Das Ende des Ersten Weltkrieges und der Zusammenbruch der Monarchie brachten auch den Abzug der Marine aus Kiel, das sich durch und mit der Kaiserlichen Marine zu einer Großstadt entwickelt hatte. Während die Stadt Kiel - oder auch Friedrichsort - stark unter dem Strukturwandel zu leiden hatten, war die Arbeitslosigkeit in Holtenau selbst relativ gering. Als Holtenau 1922 auf Betreiben des damaligen Gemeindevorstehers Wendenburg nach Kiel eingemeindet wurde, zählte man bereits über 3000 Einwohner.

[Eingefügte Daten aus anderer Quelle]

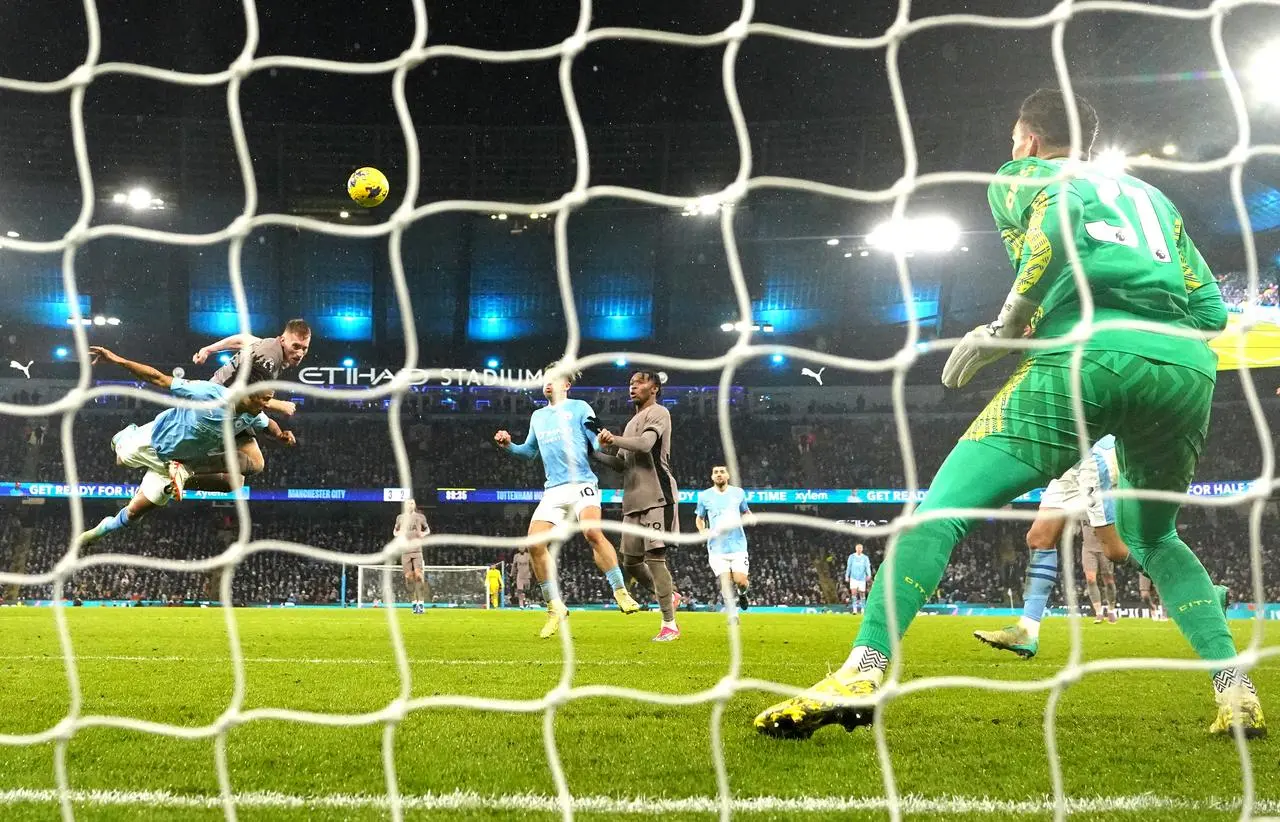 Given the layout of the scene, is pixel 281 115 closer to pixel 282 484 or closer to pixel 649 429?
pixel 282 484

In den zwanziger Jahren kam es auch zu einer fundamentalen Veränderung des Holtenauer Ortsbildes durch den vollständigen Abriß der Holtenauer Festungsanlagen (die dem Schutz der Festung Friedrichsort dienten) und dem Bau eines zivilen Flugplatzes. 1928 wurde der neue Zivilflughafen Kiel-Holtenau in Betrieb genommen.
Als Marinestandort gab es in Holtenau von 1934 bis 1945 ein erneutes Zwischenspiel und gleichzeitig wurde der Flugplatz Holtenau im Rahmen der Wiederaufrüstung zu seiner heutigen Größe ausgebaut. Aufgrund dessen verlor die Dankeskirche ihren ursprünglichen spitzen Kirchturm, der durch einen halb so hohen gedrungenen Turm ersetzt wurde, der im Zweiten Weltkrieg vielen Holtenauern Schutz bei Luftangriffen bot.

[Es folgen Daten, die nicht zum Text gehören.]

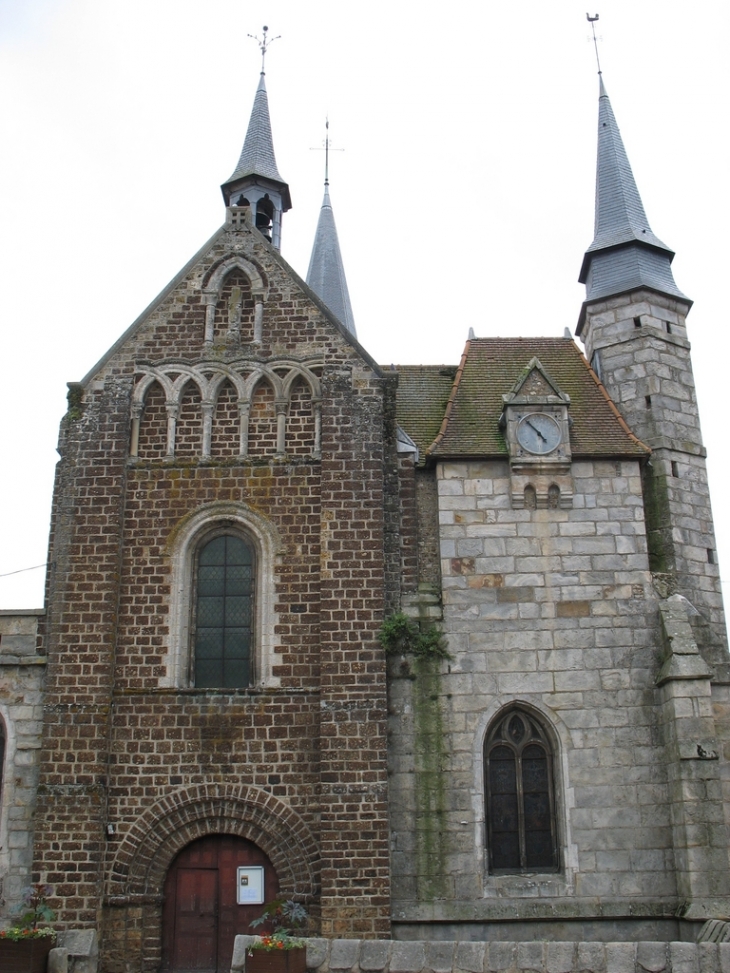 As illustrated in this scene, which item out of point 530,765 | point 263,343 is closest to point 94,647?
point 263,343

Während andere Stadtteile wie beispielsweise das Ostufer mit seinen ausggedehnten Werftanlagen und Arbeiterwohnvierteln stark durch den Bombenkrieg zerstört wurden, hielten sich die Schäden im Kieler Nordwesten und damit auch in Holtenau in Grenzen. Es gab nur wenige direkte Angriffe auf den Flugplatz und die Schleusenanlagen. Kriegsentscheidender aus Sicht der Alliierten waren dageben die Walterwerke (Uboot-Bau, Raketentechnik) in Tannenberg auf der Südseite des Kanals.
Aufgrund der verhältnismäßig geringen Zerstörungen wurden in Holtenau sehr viele Flüchtlinge (später auch Heimatvertriebene) einquartiert, von denen in den letzten Kriegswochen hunderttausende aus dem Osten evakuiert worden waren. So fand sich Holtenau bei Kriegsende mit einer nahezu verdoppelten Bevölkerung wieder.